(Beginning of DATA EXTRACT)
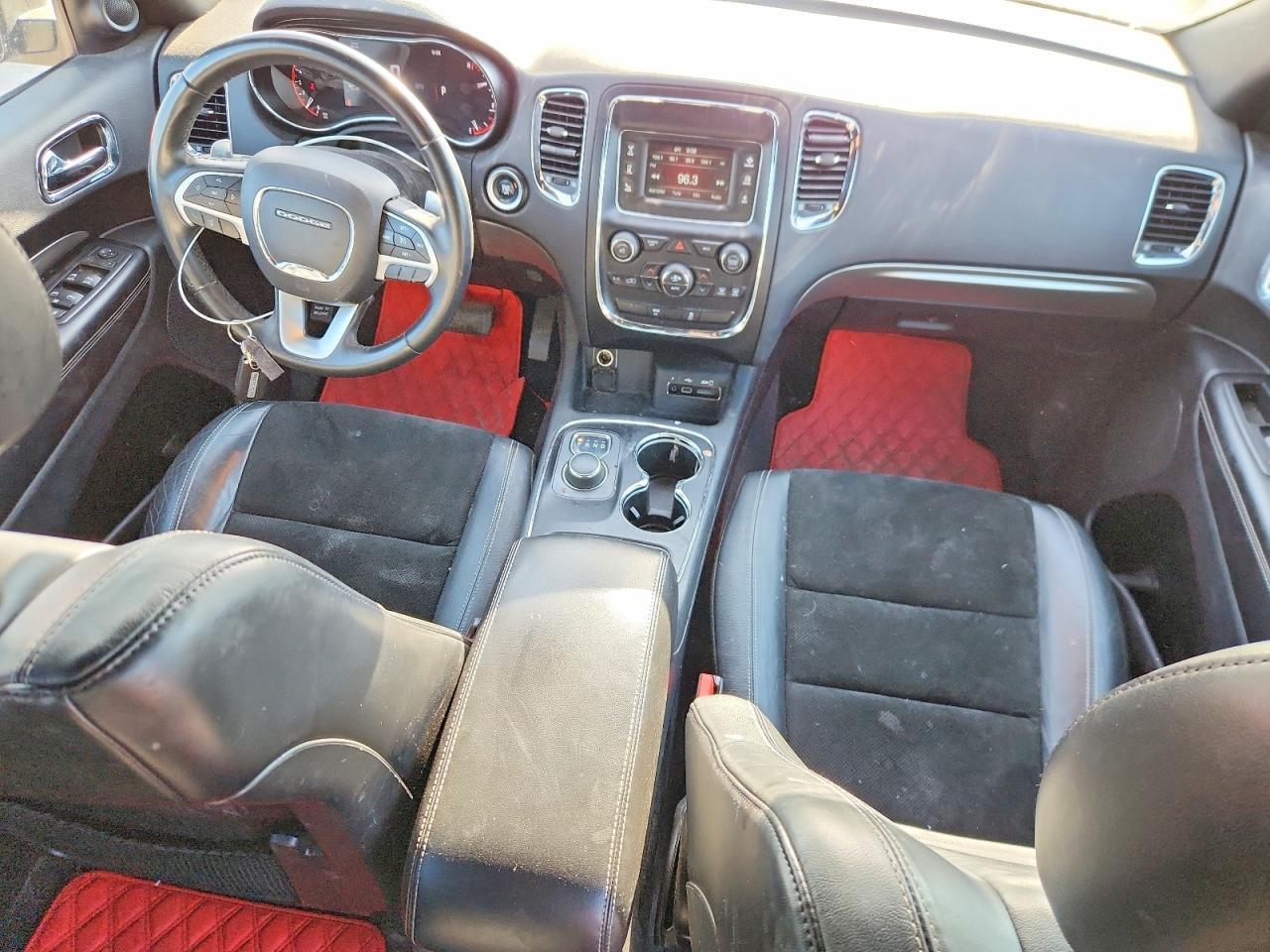 2015 Dodge Durango Sxt - zdjęcie 8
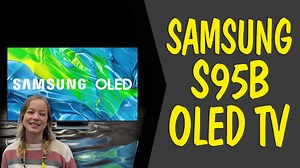 3.3K views · 97 reactions | The S95B is Samsung's first OLED TV, with Quantum HDR technology and smart connectivity! Jess takes us through some of the awesome specs and features!  Shop Now: https://fal.cn/3qS1H | JB Hi-Fi | Facebook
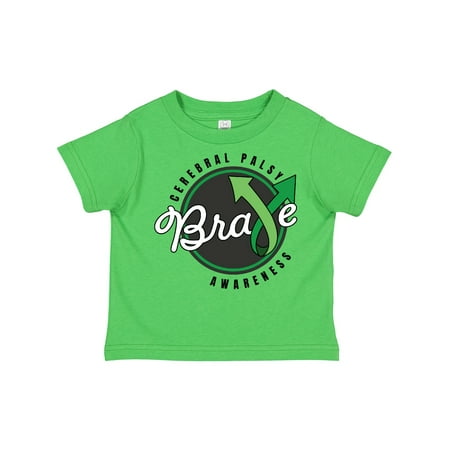 

Inktastic Cerebral Palsy Awareness Brave Gift Toddler Boy or Toddler Girl T-Shirt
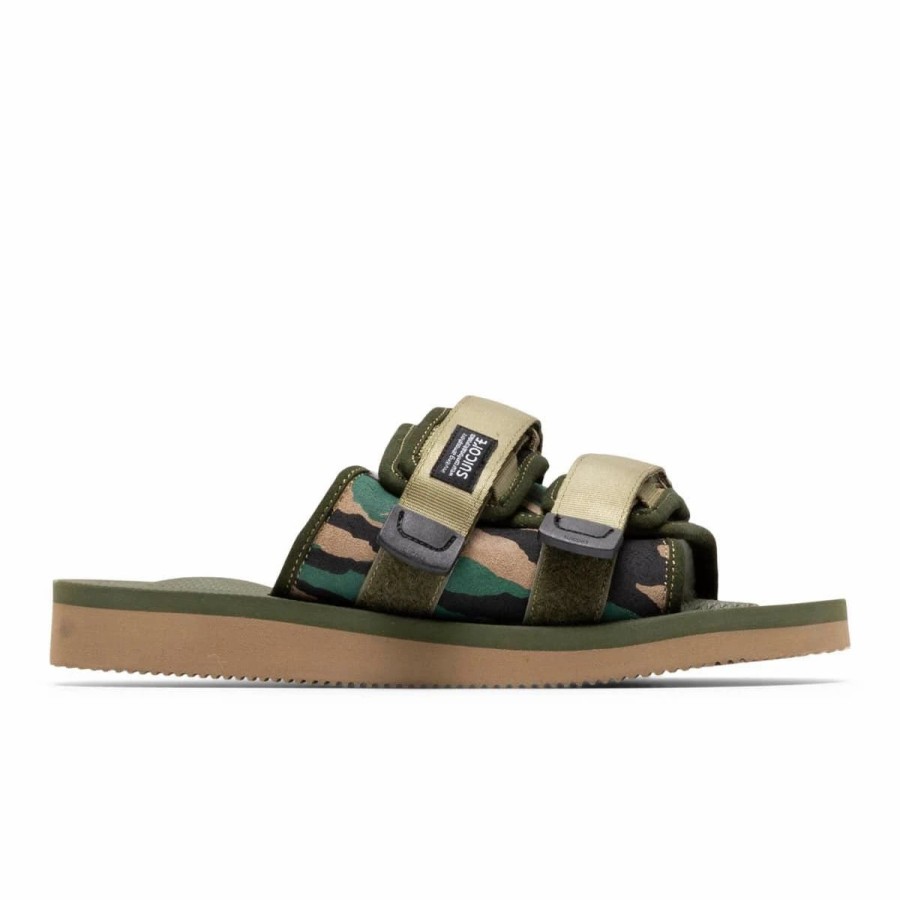 Casual * | Suicoke Moto-Mab-Pt04 Green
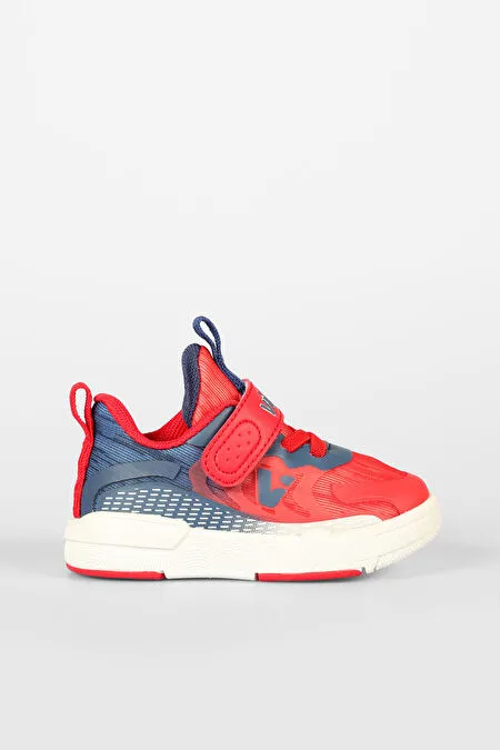 Daphne Phlon Hafif Taban Cırtlı Çocuk Sneaker KIRMIZI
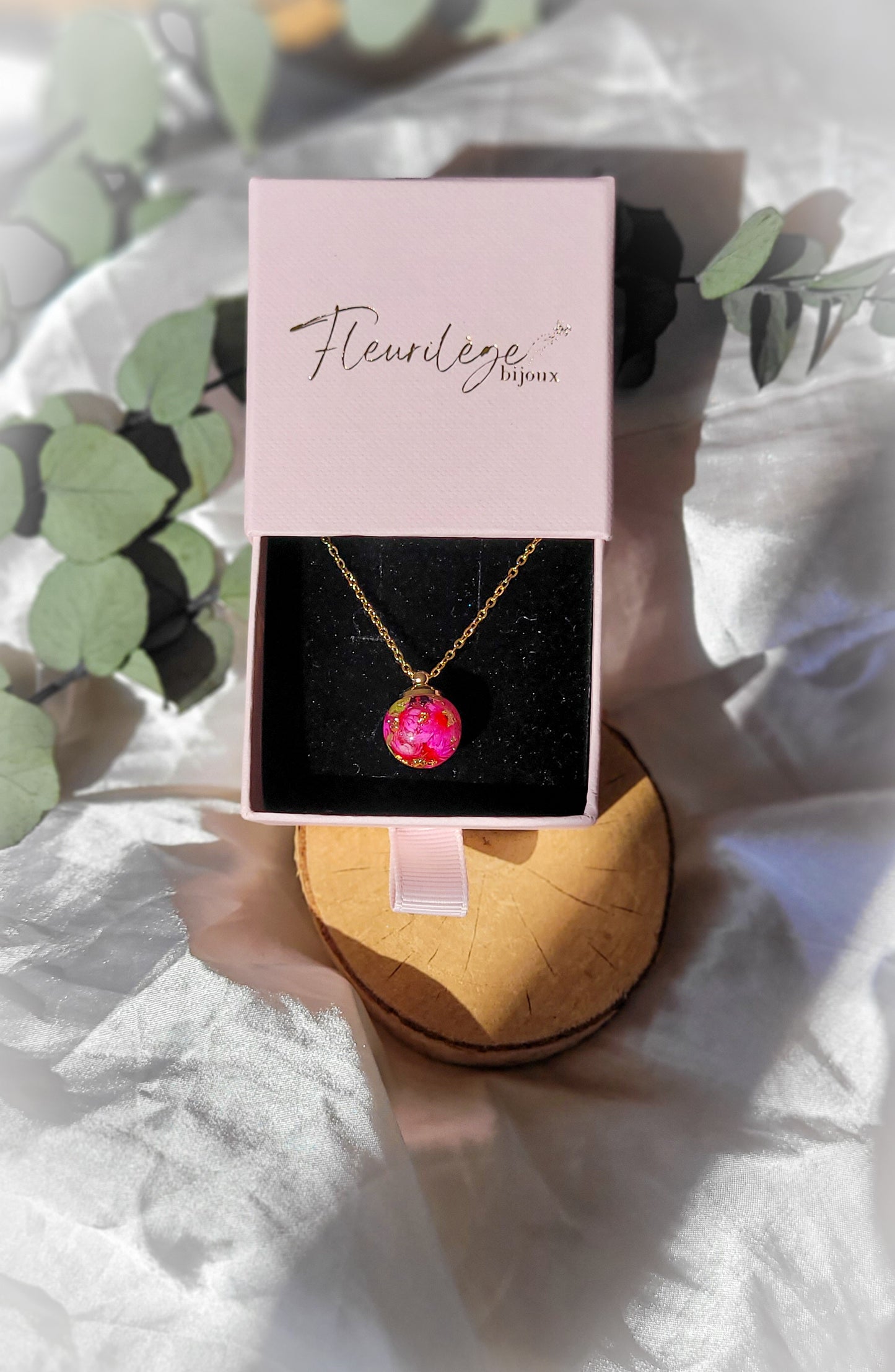 Collier perle Ellie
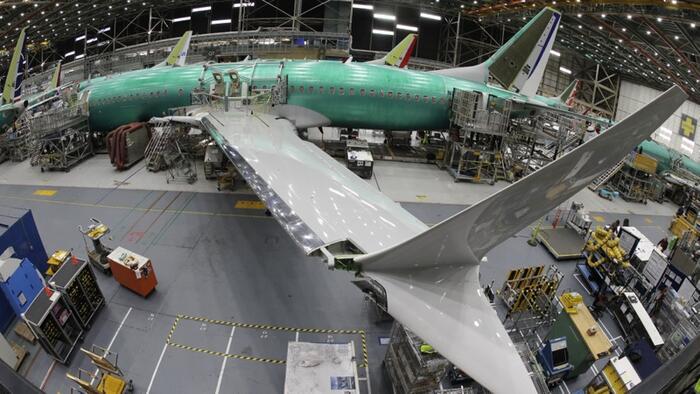 NextImg:Boeing 737 Max Jet Faces Potential Delivery Delays After Defect Identified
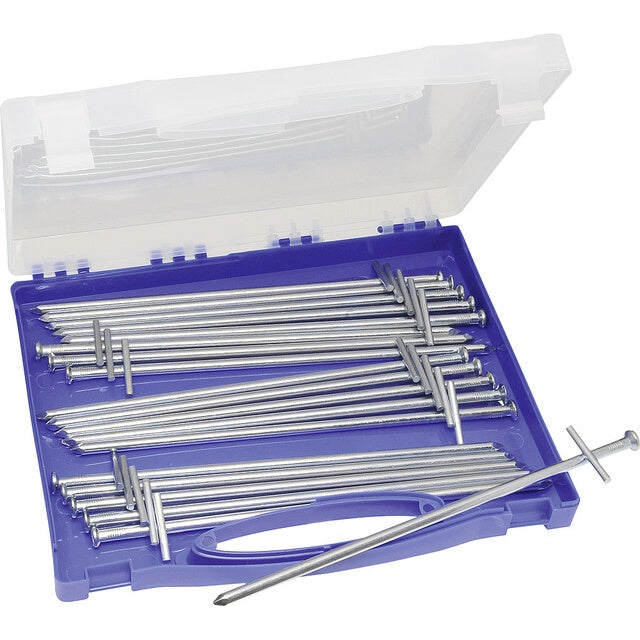 Campking Tarzan Felsbodenhering 23 cm – 20er Koffer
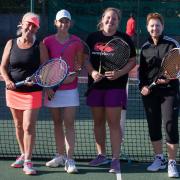 WELCOME BACK: Sports venues across Somerset - like Minehead Tennis Club - are getting ready to reopen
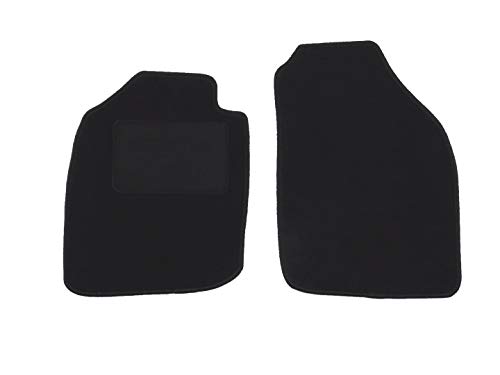 Alpha-Tex Fußmatten-Set für Ford Streetka, Typ RL2 (Baujahr 2003-2005), Deluxe schwarz | 2-TLG |...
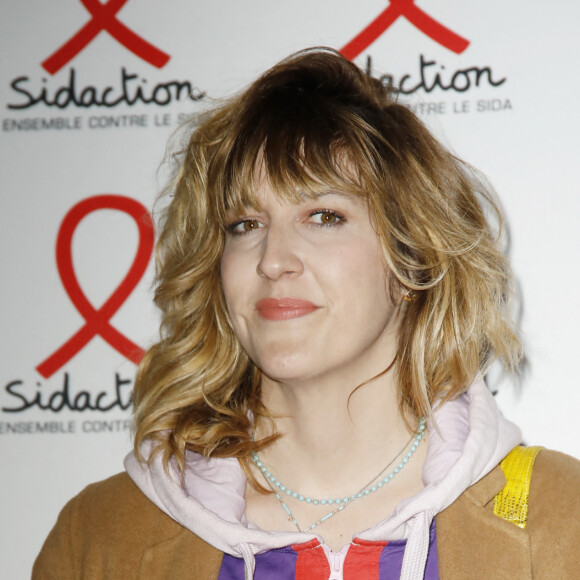 Daphné Bürki - Soirée de lancement du Sidaction 2019 à la salle Wagram à Paris, le 18 mars 2019. © Marc Ausset-Lacroix/Bestimage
(End of DATA EXTRACT)
The entries are to be restated word for word, with pictures omitted.

 2015 Dodge Durango Sxt - zdjęcie 8
 3.3K views · 97 reactions | The S95B is Samsung's first OLED TV, with Quantum HDR technology and smart connectivity! Jess takes us through some of the awesome specs and features!  Shop Now: https://fal.cn/3qS1H | JB Hi-Fi | Facebook

Inktastic Cerebral Palsy Awareness Brave Gift Toddler Boy or Toddler Girl T-Shirt
 Casual * | Suicoke Moto-Mab-Pt04 Green
 Daphne Phlon Hafif Taban Cırtlı Çocuk Sneaker KIRMIZI
 Collier perle Ellie
 NextImg:Boeing 737 Max Jet Faces Potential Delivery Delays After Defect Identified
 Campking Tarzan Felsbodenhering 23 cm – 20er Koffer
 WELCOME BACK: Sports venues across Somerset - like Minehead Tennis Club - are getting ready to reopen
 Alpha-Tex Fußmatten-Set für Ford Streetka, Typ RL2 (Baujahr 2003-2005), Deluxe schwarz | 2-TLG |...
 Daphné Bürki - Soirée de lancement du Sidaction 2019 à la salle Wagram à Paris, le 18 mars 2019. © Marc Ausset-Lacroix/Bestimage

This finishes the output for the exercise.